Second is the PRATYA, a traditional lunch served on a
banana leaf that features 4 curries, some chips, pickles, and other yummy
Keralan delights. I went to the Taj
today for lunch to give it an inspection first-hand, and it did not
disappoint. See the photos on FLICKR here
of each flight to enjoy the beauty of the presentation on the banana leaf. The beet root yogurt was the the winner of most beautiful, but the pickled gooseberries and mangoes were the taste winners. It was a lesson in eating with fingers because many of these mini-dishes were runny. I did the best I could, and watched others, who had mastered the technique of gathering the rice gingerly with the first 3 fingers, dipping it into some curry or other, then a gentile toss to the mouth. I think I licked my fingers too much, but I dined alone, so offended no one.
Another aspect
of this festival is new clothing. I was
at a textile and clothing store on Monday (day 1 of Onam) and was taken aback
by the very tall stacks of clothing people had at the checkout, the rather
barren shelves, and the men in the usually female-only store.
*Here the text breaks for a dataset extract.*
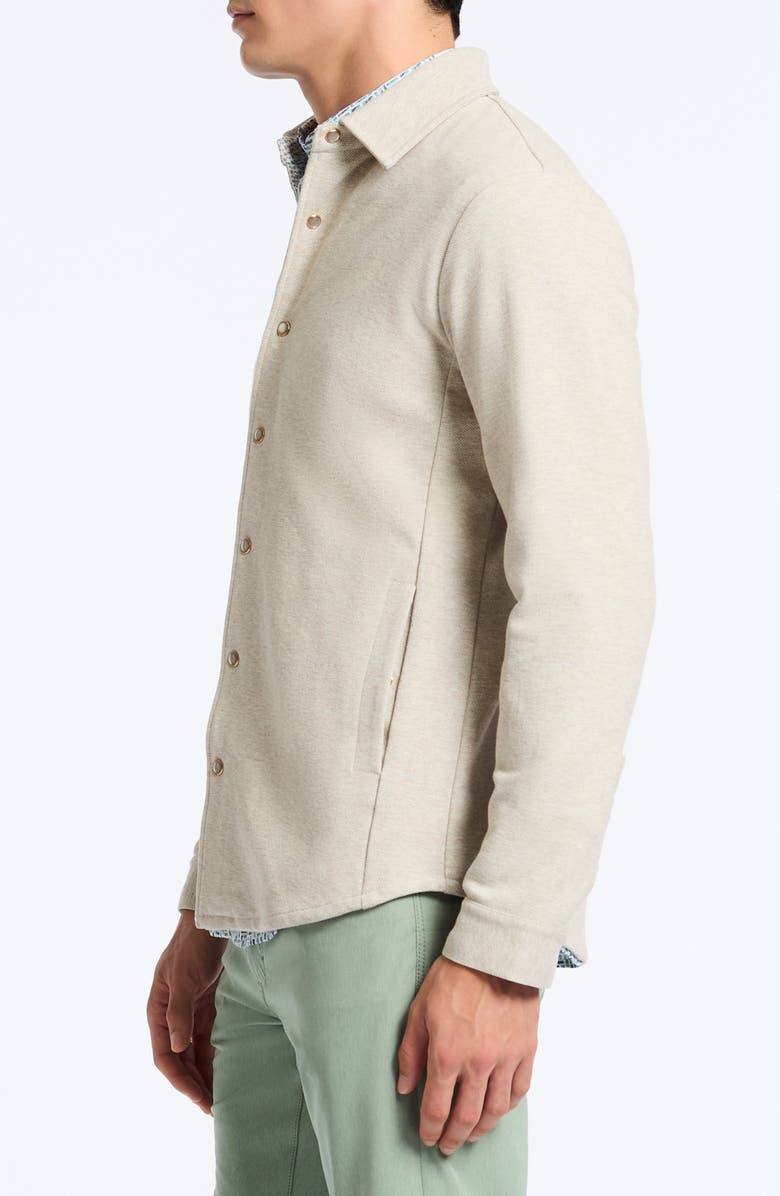 Robert Graham Kellan Knit Shirt Jacket, Alternate, color,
I went today to a
big department store to see what the foot traffic was like, and we could barely
get to the store, it was so busy, there were several traffic cops directing
traffic, and there were at least 1,000 people inside. No pictures are allowed
inside, and there are reminders posted everywhere, so I can’t give you a
visual, but it makes pre-Christmas malls seem like a resort of pastoral silence
in abundant space.
I read an
interesting article at the dentist’s office yesterday (don’t ask, I’ll probably
have to blog about it) about how modern Keralan families are now flocking to
…..wait for it…SHOPPING MALLS to celebrate Onam. Well, taking a page right out of the
Christmas season in America, are they? There is a different twist, though, in
that they don’t go to the Malls merely to shop.
There are DJs, dancers, and public happenings for the families to enjoy.
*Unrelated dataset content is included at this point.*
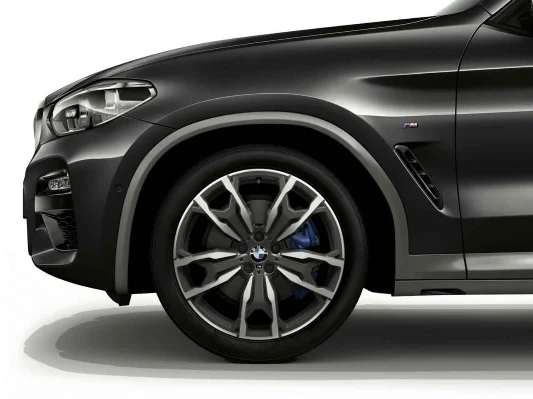 BMW Alufelge M Doppelspeiche 787 orbitgrey VA X3 X4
One person is quoted saying their family would “….give television a skip this
year and watch performances live at the malls.” In their defense there are
performances of traditional art forms that the younger generation are not privy
to, so perhaps this trend is a good thing?
Also, there is the last aspect of Onam, which is Onasammanam, an Onam
gift, so where better to get the gifts than a mall? You can’t buck a world-wide trend, I guess.
The palace next door (not kidding) is open for Onam so I went over there after lunch. Sadly, it has not been taken care of, and it just an open space with moldly smells and sad spaces. The edifice is quite beautiful, though. As I type there are traditional music groups roaming around with drums, a funny English horn sounding instrument, and cymbals, lots of cymbals. There has been fireworks every night this week, reminiscent of Diwali in Jaipur, so while I’m bummed about missing the boat races and parade and tiger dances, I won’t miss the kegs of gunpowder they set off that sound like the battle has started. Also, since some of you asked, there are some photos in the same FLICKR set of our apartment in Trivandrum. I didn't photo the spare bedroom, but it's there, so come on over and visit. Also, 3 bathrooms and a laundry space. It's nice, and it's good to have a kitchen again after a year with none, although it's still an adjustment as I gather Indian kitchens don't usually have running hot water. I do have a gas burner with which to boil some quickly, however, so no big deal.
you have found some great activities and dining spots already..:) You apartment is lovely,, colorful, spacious, and light filled . Good job for only the short time you have been there.